ZURICH, Oct 23 (Reuters) - Aryzta’s row with its largest shareholder, Cobas Asset Management, deepened on Tuesday, with the investor accusing the Swiss-Irish baking company of painting “an unduly grim picture” of its financial situation to ram through a disputed capital hike.
Last week, Aryzta stood by its plan to raise 800 million euros ($916.24 million) in new equity to meet its liquidity and financing needs, criticising Cobas’ counterproposal to raise only half that amount as inadequate and risky.
Spain’s Cobas, which has a 14.5 percent stake in the maker of McDonald’s hamburger buns, favors a 400 million euro capital increase and the sale of non-core assets it contends could raise a further 250 million euros.
Cobas on Tuesday expressed disappointment, saying Aryzta Chief Executive Kevin Toland has not engaged shareholders as the company seeks to raise new money to cut debt and strengthen its balance sheet.
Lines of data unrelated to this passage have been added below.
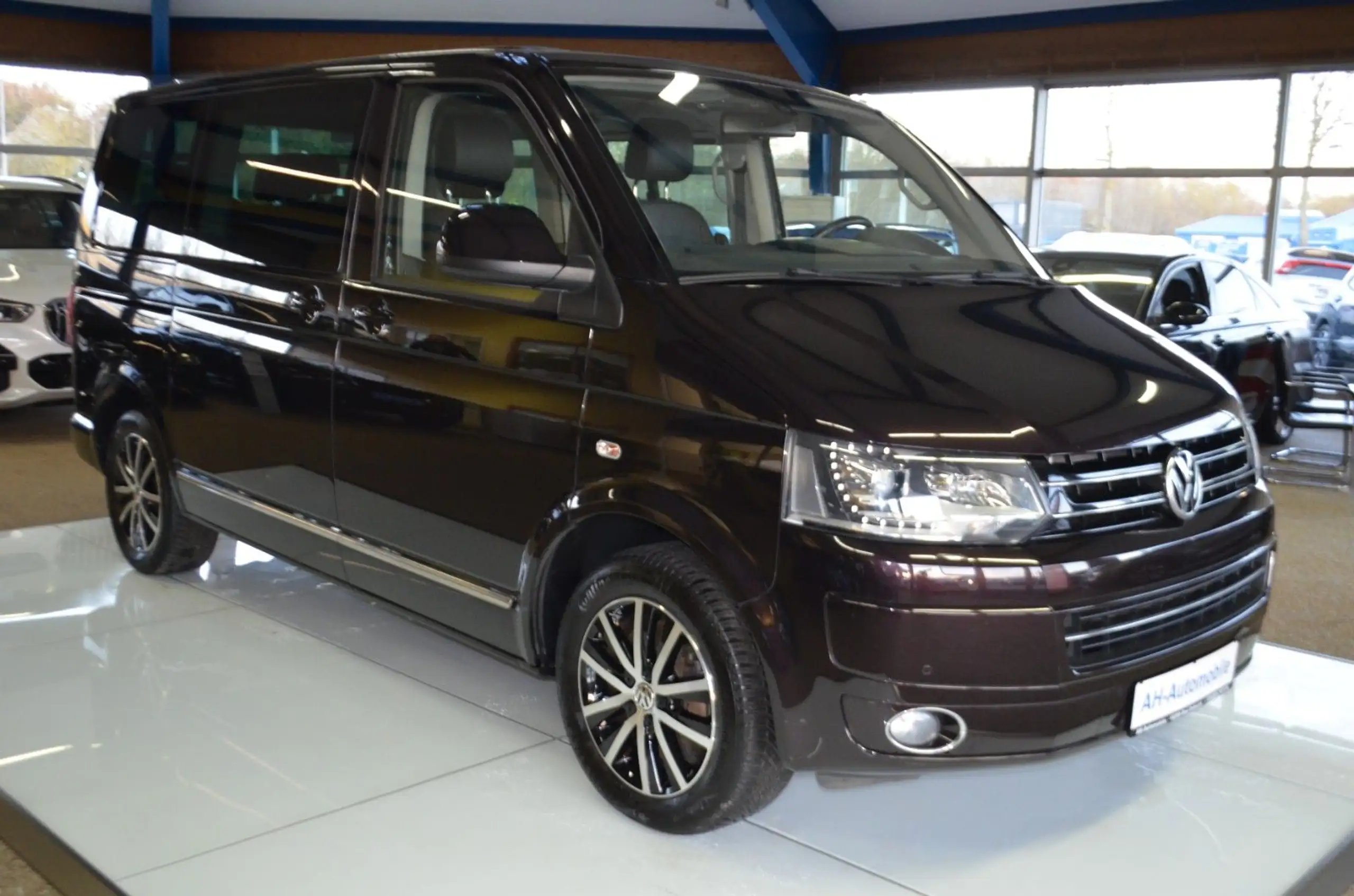 Volkswagen - T5 Transporter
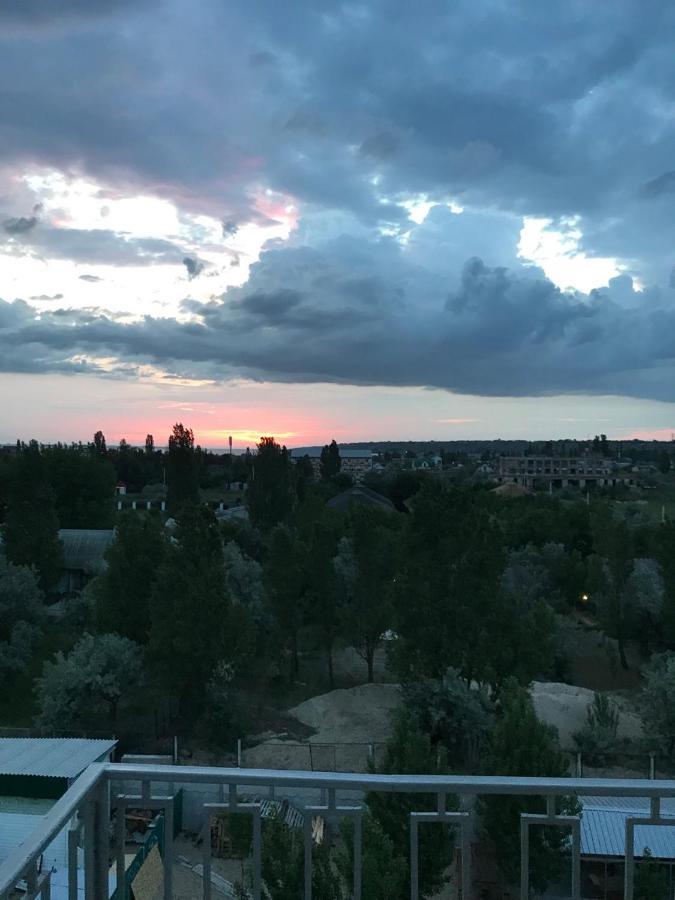 Hotel Golden Beach Затока Екстериор снимка
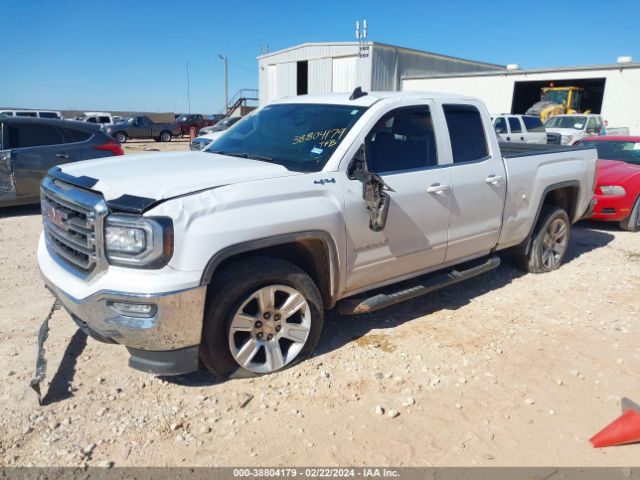 1GTV2MEC4HZ213129 GMC Sierra 1500 Sle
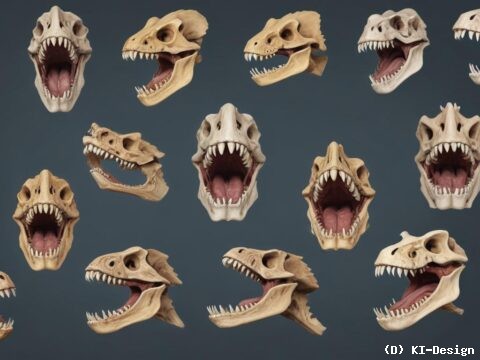 Die Rolle der Kiefervielfalt in der Evolution der frühen Landwirbeltiere**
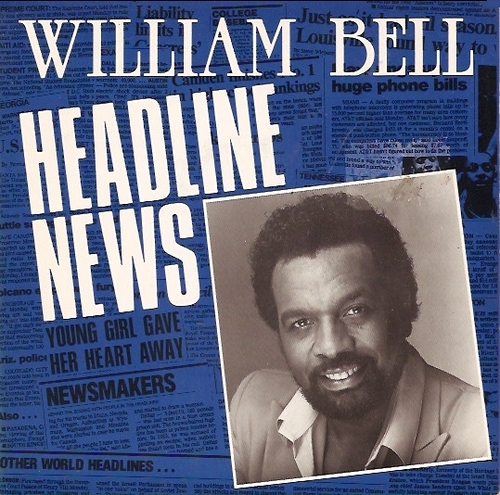 William Bell : Album " Passion " Wilbe Recording Corporation  WIL-3001 [ US ]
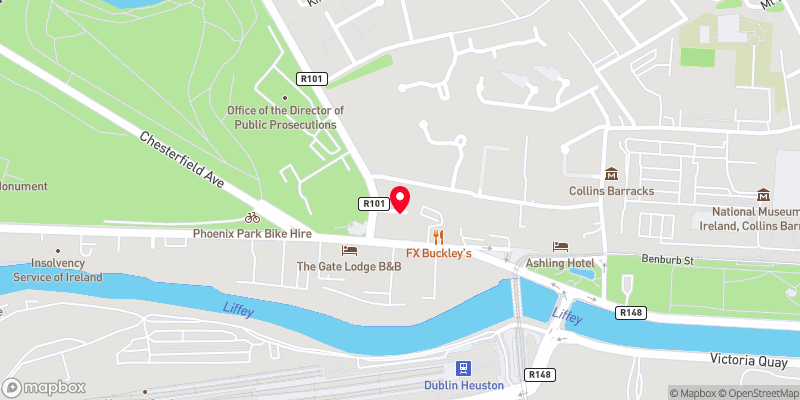Map of property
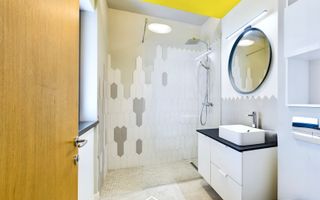 Tur virtual- 3 camere, vibrant, cu zona SPA, lângă Pădurea Verde - Poză 13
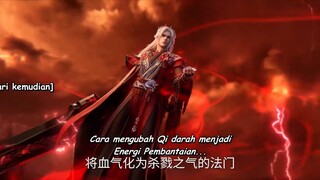 Keabadian Wang Lin 117 Sub Indo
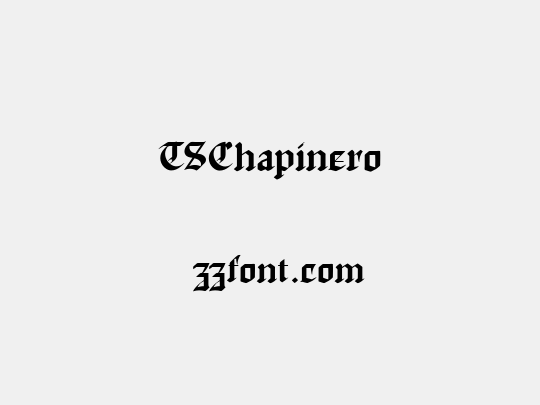 TSChapinero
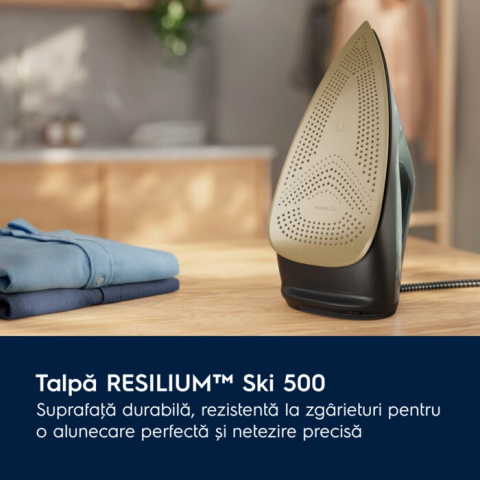 Fier de calcat cu abur Electrolux Renew 800 E8SI2-8OG verde ocean [2]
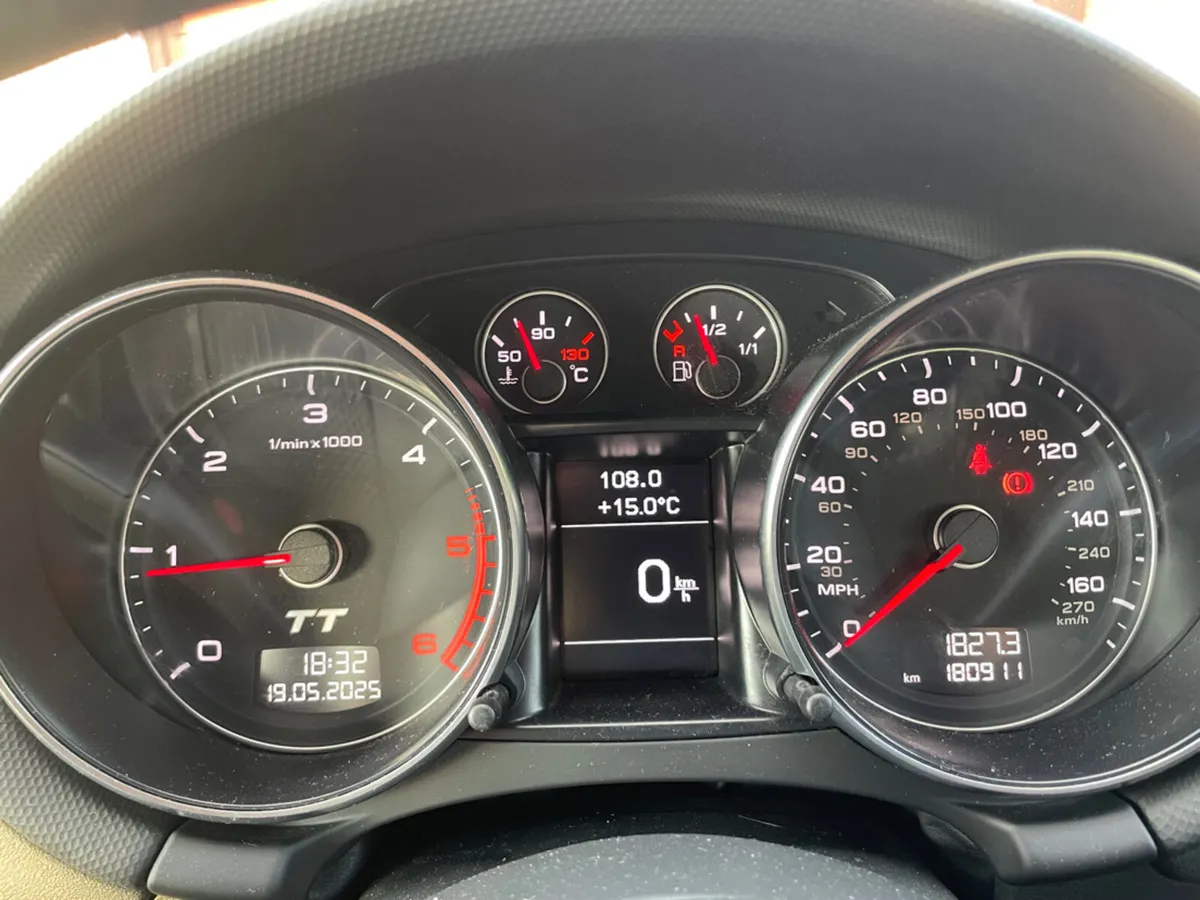 Audi TT S Line Quattro Competition Pack - Image 4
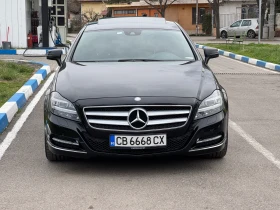 Mercedes-Benz CLS 350 CDi 265кс., снимка 2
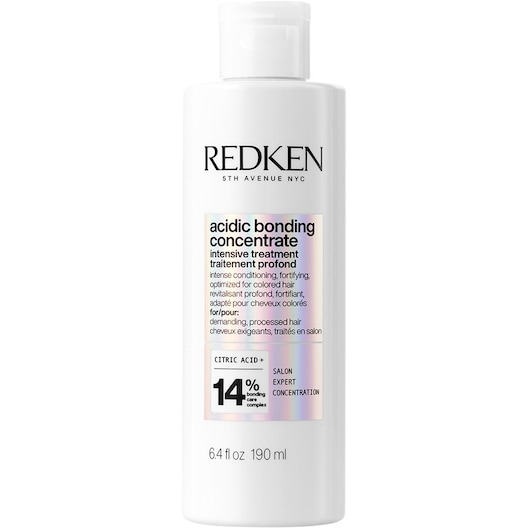 Redken Acidic Bonding Concentrate Intensive Treatment Behandling af hår Female 190 ml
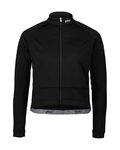 POC Jachetă termoizolantă de ciclism - THERMAL JACKET  - negru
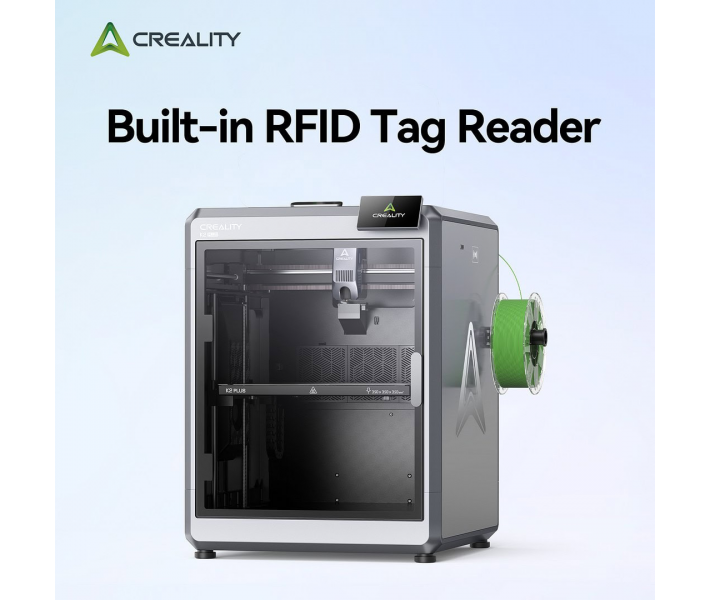 Impresora 3D Creality K2 Plus Combo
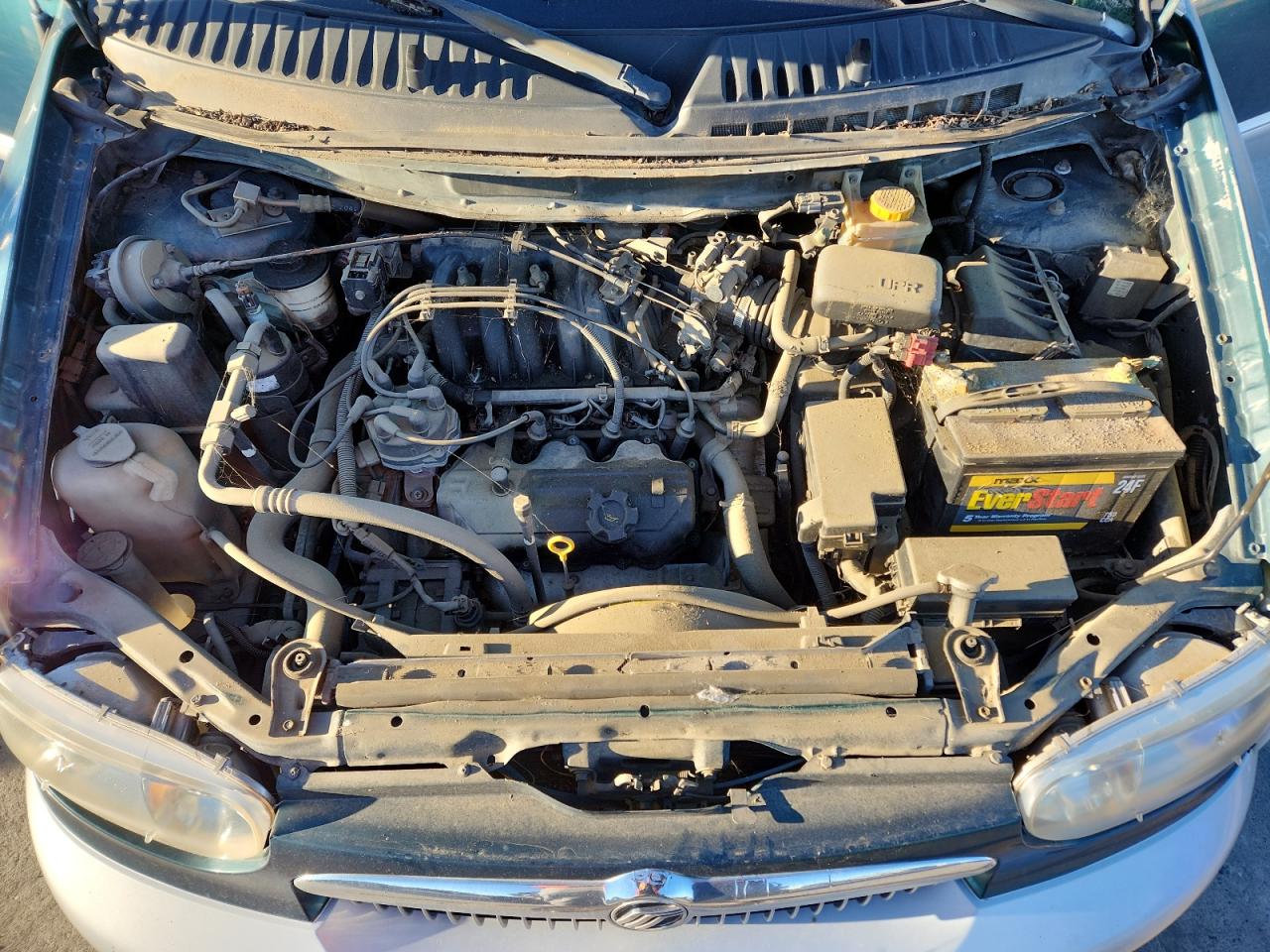 1999 Mercury Villager VIN: 4M2XV11T3XDJ17485 Lot: 90662425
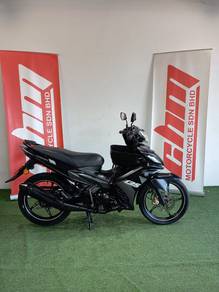 Yamaha 135LC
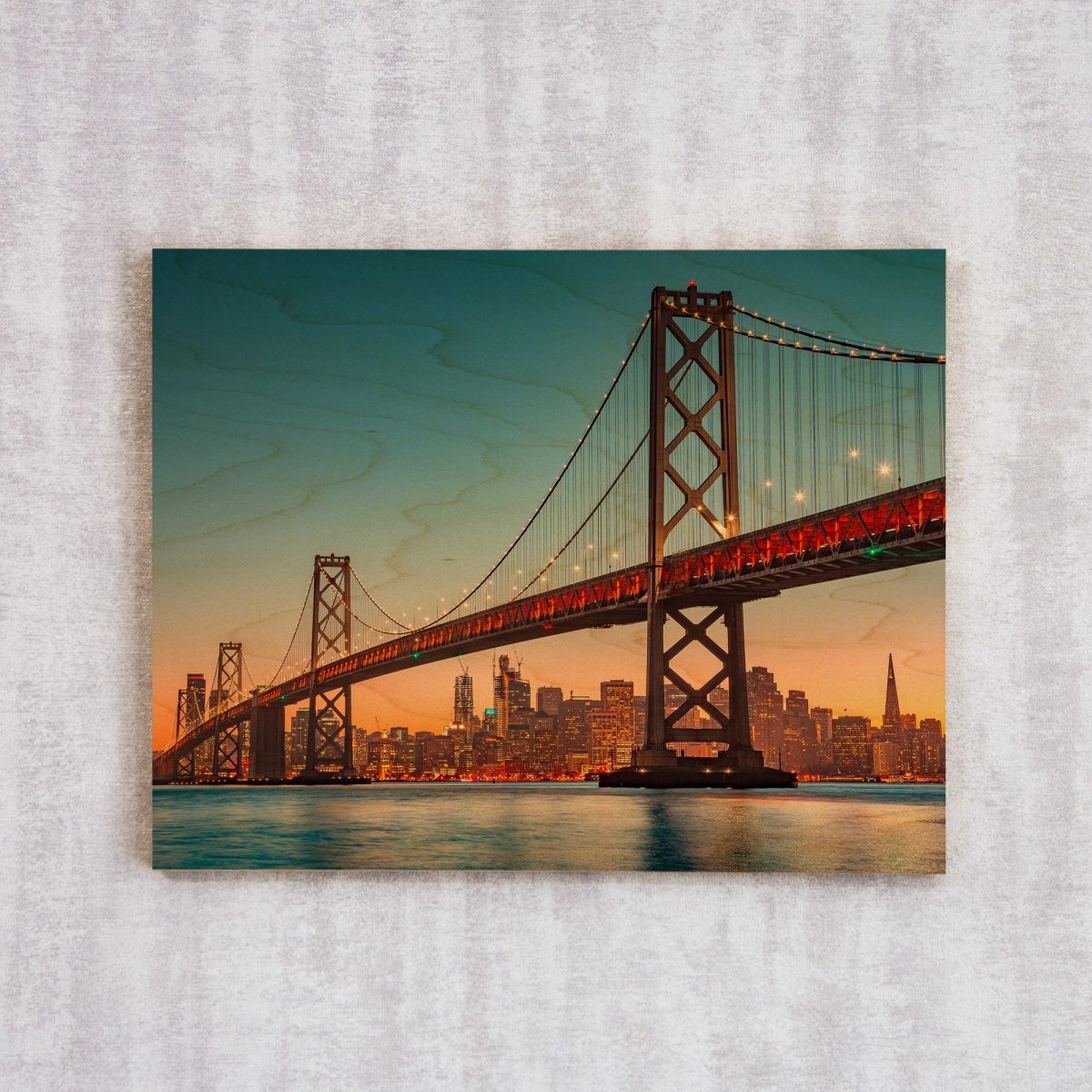 GOLDEN GATE BRIDGE - SAN FRANCISCO, USA - cmzart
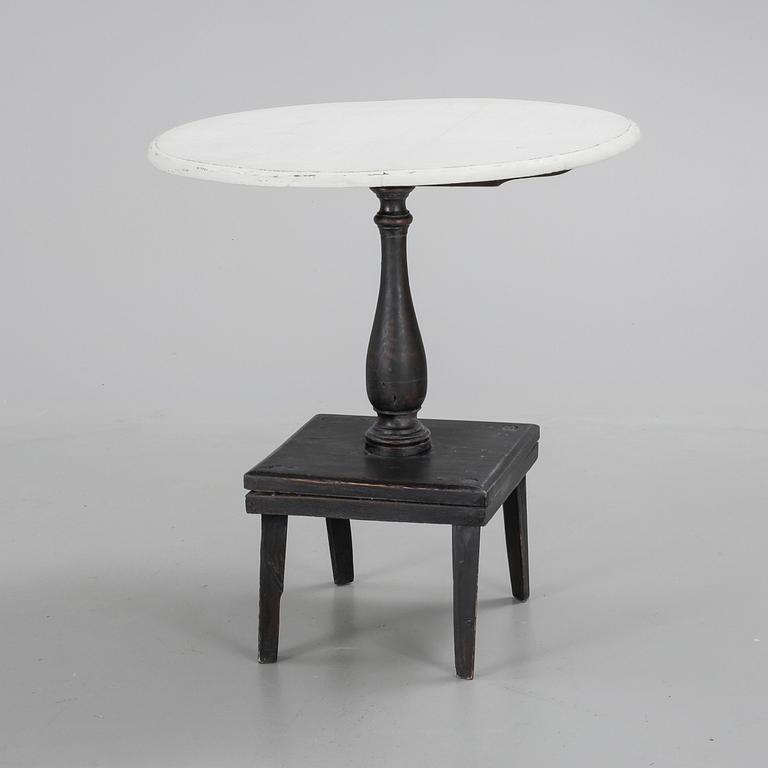 BORD, 1900-talets början.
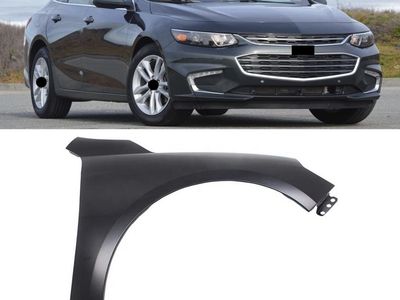 Unbranded 2016-2021 Chevrolet Malibu Front Passenger Side Fender - QR035-R-X03 (Used)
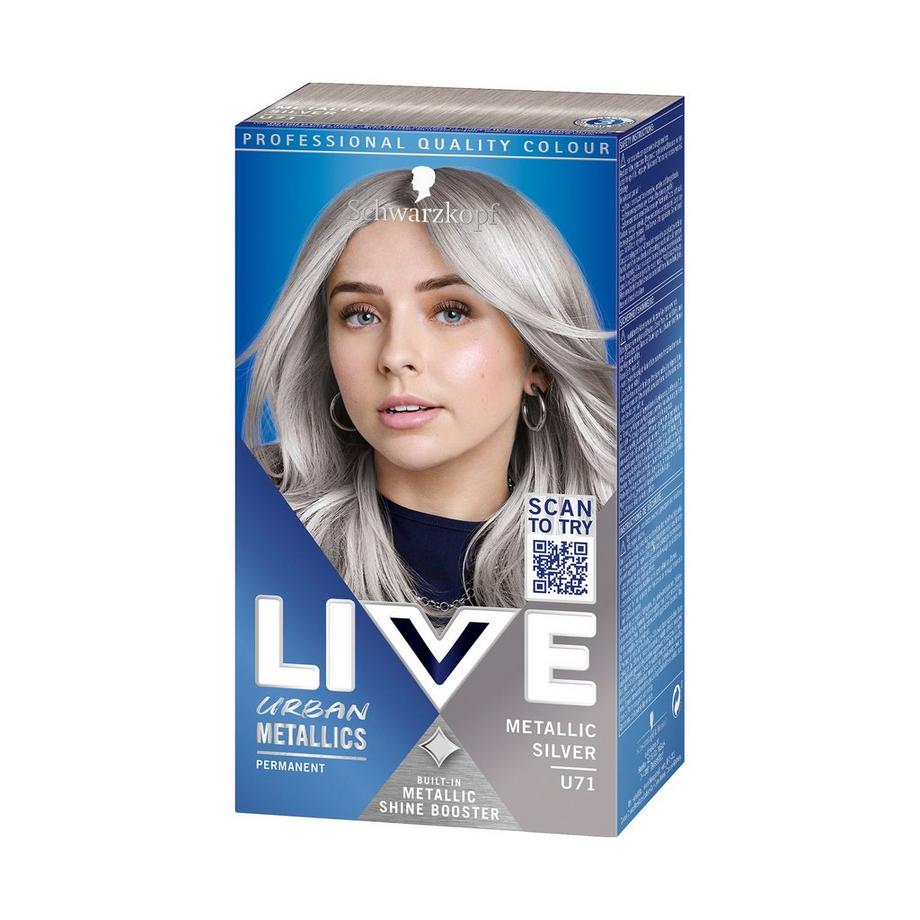 LIVE U69 Amethyst Chrome Urban Metallics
The baking company is reeling from a failed expansion strategy that has led to hundreds of millions of euros in losses.
“We believe that the company now is drawing an unduly grim picture of the current situation with the sole intent to convince shareholders to support the excessively large and dilutive capital increase,” Cobas said in a statement.
Aryzta did not immediately respond to a request for comment.